| What to do |
Print each line below verbatim, skipping every picture.

Short descriptive text snippets
────────────────────────────────────────
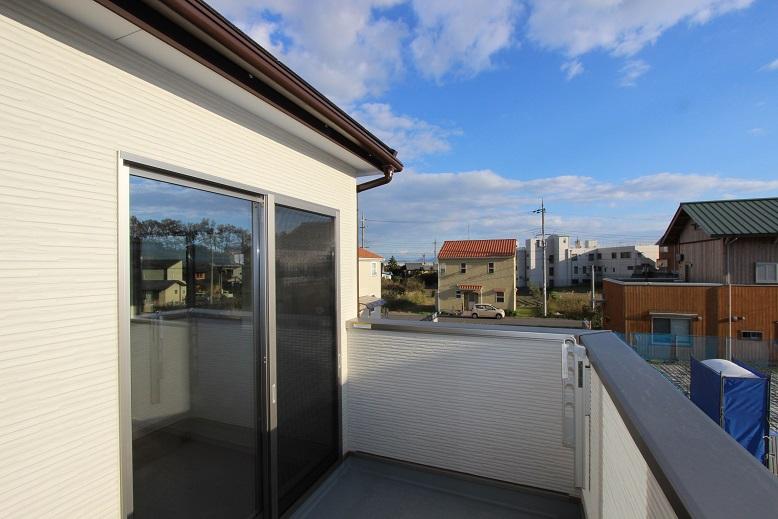 View photos from the dwelling unit. 2013 November shooting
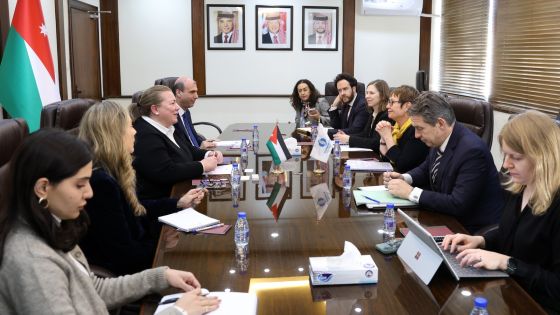 التخطيط والبنك الأوروبي لإعادة الإعمار يبحثان مشاريع المياه والطاقة والتعليم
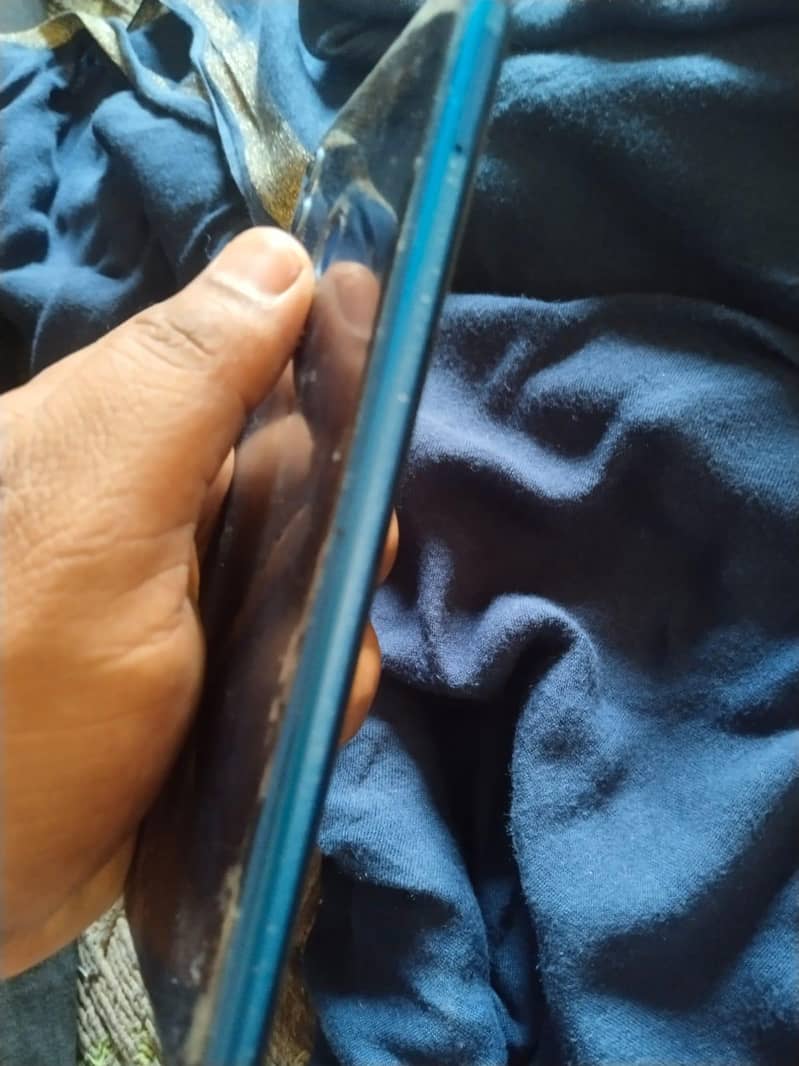 Honor 8X 3
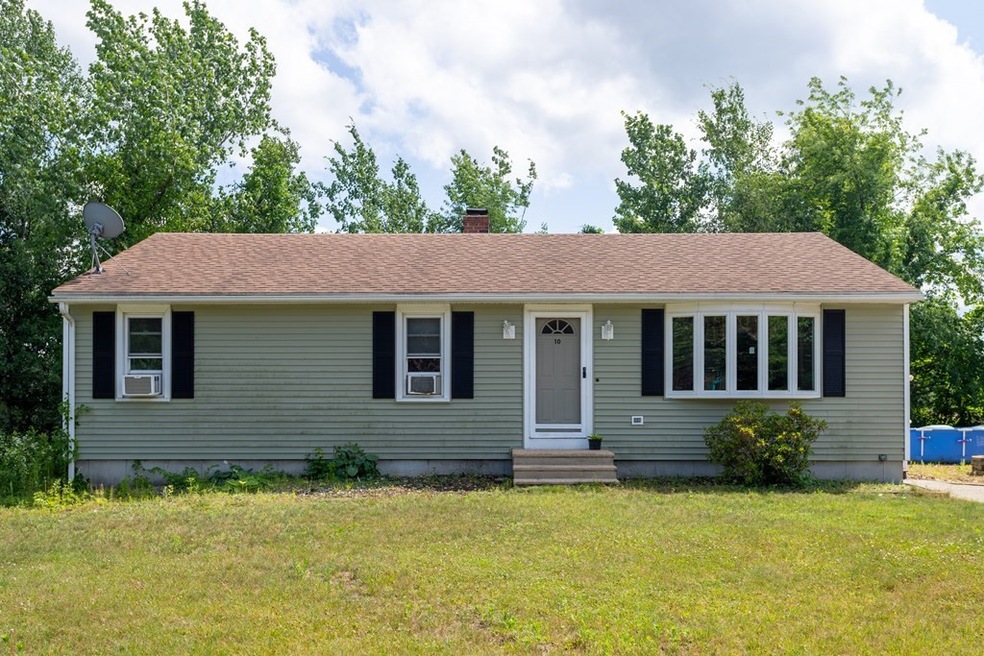 10 Thornapple Cir, Rutland, MA 01543 - photo 1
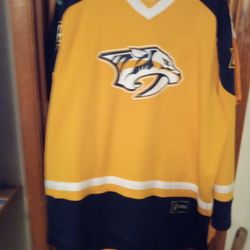 NHL OFFICIALLY LICENSED PREDS JERSEY 3XL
────────────────────────────────────────
| Response to the exercise |
 View photos from the dwelling unit. 2013 November shooting
 التخطيط والبنك الأوروبي لإعادة الإعمار يبحثان مشاريع المياه والطاقة والتعليم
 Honor 8X 3
 10 Thornapple Cir, Rutland, MA 01543 - photo 1
 NHL OFFICIALLY LICENSED PREDS JERSEY 3XL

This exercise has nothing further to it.